How do you profit from Susan Boyle? iTunes. When her contract with that talent show ends, she will probably have agents lining up. Until then, she's part and parcel of the show, and probably a massive boon to it.
We have reached the age when music stars can be famous, and not get a penny for their efforts! Which is another, more specific, rephrasing of your question.
Carolyn Ann
Posted by: Carolyn Ann | April 24, 2009 at 08:55 AM
Excellent roundup Valeria. Here's the issue...we know that consumers are using the web more to learn and be entertained...including video. The issue is that they don't want to be interrupted with advertising (especially on the web...they are more forgiving in print).

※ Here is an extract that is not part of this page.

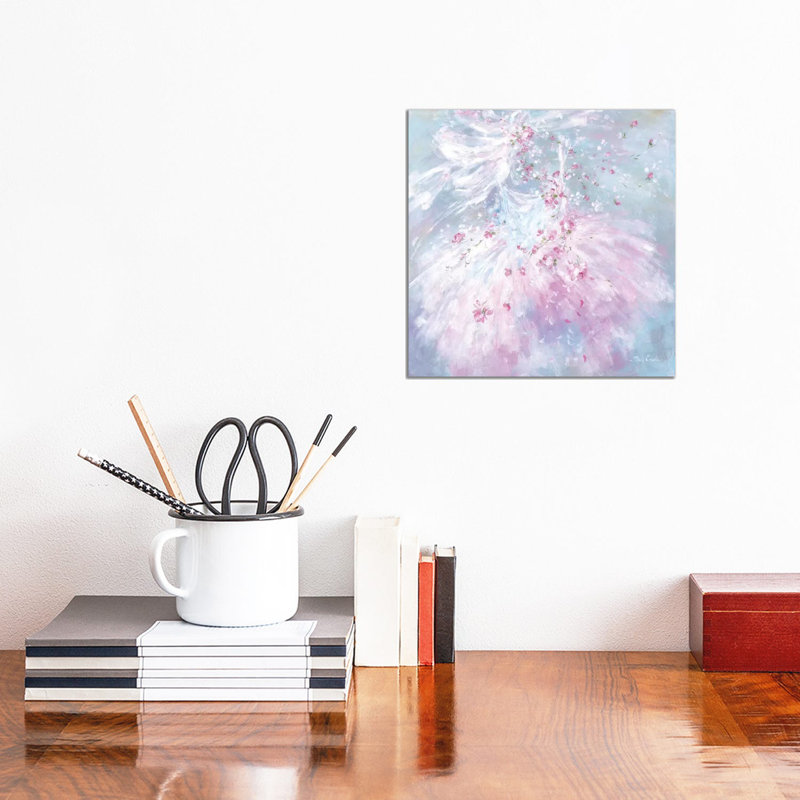 « Rosebuds tutu I » par Debi coules-reproduction d’art, H 12 po x l 12 po x P 1,5 po, Toile tendue, Pas de tapis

So, even cutting edge content providers (like YouTube) are going to have a hard time selling any kind of online advertising around content. As we know, it comes down to businesses needed to BE the content, instead of associating themselves AROUND the content.

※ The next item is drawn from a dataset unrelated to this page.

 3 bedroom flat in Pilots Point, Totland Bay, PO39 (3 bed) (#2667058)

Video advertising will continue to rise, but I don't think it will be booming (ever) because of this fact in online engagement.
Best
Joe
Posted by: Joe Pulizzi | April 24, 2009 at 02:13 PM
@Tamar - there seems to be a mismatch of content and products in the marketplace. Which makes for missed opportunities on both ends.
@Carolyn Ann - two ways to stop interfering with the very product they fund (1) be the product/experience/service I want; (2) match the product/experience you fund in values, philosophy, etc. Indeed many can be famous today and not make one penny from it. A reverse of that is all those who make a ton of money to run companies (and economies) into the ground. Instead of embracing value, more often than not society embraces the perception of value.
@Joe - businesses need to be the content and marketers need to be content producers. A better question than "how do I push my message?" is "how do I provide value?"